How are you dealing with CSV files that uses CR line breaks?

I believe there are people here who are dealing with CSV files import on the daily basis, and since Excel is a really popular tool there is a standing problem of reading them since File.* doesn’t support \r as a new line anyway.
Details:
https://github.com/elixir-lang/elixir/issues/6169
https://github.com/beatrichartz/csv/issues/55

Right now I see two possible solutions:

  • read N chars, detect if \r doesn’t have \n after it and consider that file uses CR as a line breaks, and then:
  1. Create and use NIF (still have to find a good C/C++ library)
  2. Replace \r with \r\n

Is there any better way? What are you folks doing in this situation?

1 Like

I do a regex on them to clean them up.

  def read!(ifile) do
    contents = ifile
    |> local_file
    |> File.read!
    |> filter(~r/[^\x00-\x7F]/, " ")
    |> filter(~r/\r[^\n]/, "\r\n")

    %{ifile | contents: contents}
  end

There’s probably a better way of going about it but this one works pretty well for me.

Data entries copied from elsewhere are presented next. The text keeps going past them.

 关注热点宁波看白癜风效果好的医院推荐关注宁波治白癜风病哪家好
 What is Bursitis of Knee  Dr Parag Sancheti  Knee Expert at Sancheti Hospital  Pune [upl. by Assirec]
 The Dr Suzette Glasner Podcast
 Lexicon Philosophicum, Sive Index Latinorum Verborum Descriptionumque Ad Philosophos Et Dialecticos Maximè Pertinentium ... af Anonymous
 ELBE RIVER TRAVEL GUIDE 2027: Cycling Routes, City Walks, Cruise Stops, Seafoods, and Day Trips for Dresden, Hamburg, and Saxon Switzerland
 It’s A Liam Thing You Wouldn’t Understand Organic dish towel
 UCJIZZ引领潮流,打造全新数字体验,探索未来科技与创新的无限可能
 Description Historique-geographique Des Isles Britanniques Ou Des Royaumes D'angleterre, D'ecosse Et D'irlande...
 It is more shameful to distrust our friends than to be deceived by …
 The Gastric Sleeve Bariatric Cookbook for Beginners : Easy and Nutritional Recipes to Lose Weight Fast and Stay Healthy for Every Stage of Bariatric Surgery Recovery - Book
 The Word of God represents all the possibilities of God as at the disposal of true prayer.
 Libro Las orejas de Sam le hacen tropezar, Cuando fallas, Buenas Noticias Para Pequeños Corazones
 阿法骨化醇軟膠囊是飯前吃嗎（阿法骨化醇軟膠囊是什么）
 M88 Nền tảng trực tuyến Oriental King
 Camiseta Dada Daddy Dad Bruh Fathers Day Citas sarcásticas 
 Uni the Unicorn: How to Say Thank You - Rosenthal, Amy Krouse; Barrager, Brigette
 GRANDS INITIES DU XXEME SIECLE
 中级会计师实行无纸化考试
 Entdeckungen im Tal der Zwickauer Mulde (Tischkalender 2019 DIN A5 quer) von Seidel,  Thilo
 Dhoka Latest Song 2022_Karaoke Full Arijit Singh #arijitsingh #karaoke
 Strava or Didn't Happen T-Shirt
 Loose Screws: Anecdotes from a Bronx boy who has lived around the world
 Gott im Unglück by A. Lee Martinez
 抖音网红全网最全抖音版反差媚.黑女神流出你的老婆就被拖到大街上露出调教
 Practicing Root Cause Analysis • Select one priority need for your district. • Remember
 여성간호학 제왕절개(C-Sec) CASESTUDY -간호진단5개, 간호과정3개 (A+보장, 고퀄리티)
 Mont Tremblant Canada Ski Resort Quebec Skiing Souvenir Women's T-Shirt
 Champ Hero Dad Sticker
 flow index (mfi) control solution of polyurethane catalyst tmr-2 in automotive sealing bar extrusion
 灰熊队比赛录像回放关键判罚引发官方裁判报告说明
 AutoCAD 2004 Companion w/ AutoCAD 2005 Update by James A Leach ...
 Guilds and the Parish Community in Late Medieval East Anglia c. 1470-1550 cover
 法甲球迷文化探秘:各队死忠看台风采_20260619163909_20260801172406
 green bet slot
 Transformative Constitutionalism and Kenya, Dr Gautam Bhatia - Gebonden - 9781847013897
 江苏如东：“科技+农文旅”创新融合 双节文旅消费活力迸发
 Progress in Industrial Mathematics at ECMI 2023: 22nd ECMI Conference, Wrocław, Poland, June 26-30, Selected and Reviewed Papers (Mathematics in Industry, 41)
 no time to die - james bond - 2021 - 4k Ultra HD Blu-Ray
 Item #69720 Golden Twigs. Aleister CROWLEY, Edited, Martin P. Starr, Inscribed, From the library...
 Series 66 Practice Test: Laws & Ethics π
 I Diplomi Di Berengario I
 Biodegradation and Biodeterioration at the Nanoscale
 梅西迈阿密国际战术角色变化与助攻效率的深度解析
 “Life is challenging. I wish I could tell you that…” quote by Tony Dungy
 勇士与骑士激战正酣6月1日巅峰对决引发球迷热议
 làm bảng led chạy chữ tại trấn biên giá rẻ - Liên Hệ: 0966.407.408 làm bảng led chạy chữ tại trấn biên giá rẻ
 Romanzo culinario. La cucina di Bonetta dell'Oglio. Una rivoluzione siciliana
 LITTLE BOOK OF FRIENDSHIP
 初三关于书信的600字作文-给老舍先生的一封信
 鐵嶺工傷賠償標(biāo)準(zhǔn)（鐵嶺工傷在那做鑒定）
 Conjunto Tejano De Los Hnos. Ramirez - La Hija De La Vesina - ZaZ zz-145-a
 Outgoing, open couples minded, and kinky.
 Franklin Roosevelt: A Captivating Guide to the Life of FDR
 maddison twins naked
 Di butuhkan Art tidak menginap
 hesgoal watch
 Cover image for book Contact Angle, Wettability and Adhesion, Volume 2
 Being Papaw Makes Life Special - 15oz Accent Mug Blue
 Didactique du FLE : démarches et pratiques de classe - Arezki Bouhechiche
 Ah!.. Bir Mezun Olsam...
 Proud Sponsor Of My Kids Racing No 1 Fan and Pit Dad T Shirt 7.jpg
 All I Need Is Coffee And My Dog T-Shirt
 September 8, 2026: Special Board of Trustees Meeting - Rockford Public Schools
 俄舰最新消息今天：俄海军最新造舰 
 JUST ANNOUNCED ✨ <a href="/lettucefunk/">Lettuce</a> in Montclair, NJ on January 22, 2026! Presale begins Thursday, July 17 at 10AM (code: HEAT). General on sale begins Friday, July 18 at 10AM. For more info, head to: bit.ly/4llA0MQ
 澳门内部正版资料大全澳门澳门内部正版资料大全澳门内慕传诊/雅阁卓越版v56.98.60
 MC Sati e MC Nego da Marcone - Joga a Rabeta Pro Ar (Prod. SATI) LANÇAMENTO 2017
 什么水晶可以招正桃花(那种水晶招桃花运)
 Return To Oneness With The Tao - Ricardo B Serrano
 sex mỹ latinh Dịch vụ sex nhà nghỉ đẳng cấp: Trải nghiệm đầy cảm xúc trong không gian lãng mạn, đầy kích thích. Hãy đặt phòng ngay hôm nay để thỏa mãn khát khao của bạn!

Have you ever encountered filed that are using LFCR as a newline sequence?

Why not use a proper CSV library?

1 Like

We do, but all libraries are dealing with the File.read/File.stream! output which doesn’t have an option to specify a line-separation sequence, as in Python, for example Glossary — Python 2.7.18 documentation

This is described in the second link of original message:

File.Stream uses IO.each__stream which uses :io.get_line. LF and CRLF are handled, but not CR, which is used in some Mac OS and other legacy formats.

nimble_csv has :newlines / :line_separator options to handle this.

3 Likes

Just what I was about to say. I use nimble_csv myself and it has that ability, plus it was made by our own Jose Valim . :slight_smile:

1 Like

I use nimble_csv myself, and the thing it (and just about every other CSV library i’ve ever used, in any language) breaks down on is weird encodings you often get from Excel users. i’ve basically given up on parsing these documents, which I’m pretty sure are broken but also very common, so I go with the regex replacement above.

The problem with setting the line endings in nimble is that you have to know ahead of time what’s in the file, and if you have a wide variety of these files coming in, you can’t just set it once and forget it.

Teeeeechnically following the spec the line endings should (but not have to) be CRLF pairs (optional on the last entry).

But sadly no real official spec.

Perhaps use a file format that does actually have a defined spec? :slight_smile:

I ran into this problem and I cleaned the file up on the command line using this Unix command.

tr -d ‘\r’ <file1.csv > file2.csv

It removes all of the carriage returns. The file should be left with \n. I found this to be
the easiest solution for me to work with. I often just use simple Unix commands to clean files up which makes them much easier to work with in Elixir.

I have the same problem, but I written thin csv to JSON converter, it’s not generic though. I simply scan documents from beginning and check what line ending I encounter first and what delimiter there was, comma or semicolon. Then pass it to proper csv reading library with proper line ending and delimiter.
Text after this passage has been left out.